When you run ls without arguments, it will just open a directory, read all the contents, sort them and print them out.

When you run ls *, first the shell expands *, which is effectively the same as what the simple ls did, builds an argument vector with all the files in the current directory and calls ls. ls then has to process that argument vector and for each argument, and calls access(2)¹ the file to check it's existence. Then it will print out the same output as the first (simple) ls. Both the shell's processing of the large argument vector and ls's will likely involve a lot of memory allocation of small blocks, which can take some time. However, since there was little sys and user time, but a lot of real time, most of the time would have been spent waiting for disk, rather than using CPU doing memory allocation.

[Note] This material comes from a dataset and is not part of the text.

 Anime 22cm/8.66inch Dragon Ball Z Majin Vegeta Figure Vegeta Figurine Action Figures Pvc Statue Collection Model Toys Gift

Each call to access(2) will need to read the file's inode to get the permission information. That means a lot more disk reads and seeks than simply reading a directory. I do not know how expensive these operations are on your GPFS, but as the comparison you've shown to ls -l which has a similar run time to the wildcard case, the time needed to retrieve the inode information appears to dominate. If GPFS has a slightly higher latency than your local filesystem on each read operation, we would expect it to be more pronounced in these cases.

The difference between the wildcard case and ls -l of 50% could be explained by the ordering of inodes on the disk. If the inodes were laid out successively in the same order as the filenames in the directory and ls -l stat(2)ed the files in directory order before sorting, ls -l would possibly read most of the inodes in a sweep. With the wildcard, the shell will sort the filenames before passing them to ls, so ls will likely read the inodes in a different order, adding more disk head movement.

It should be noted that your time output will not include the time taken by the shell to expand the wildcard.

If you really want to see what's going on, use strace(1):

strace -o /tmp/ls-star.trace ls *
strace -o /tmp/ls-l-star.trace ls -l *

and have a look which system calls are being performed in each case.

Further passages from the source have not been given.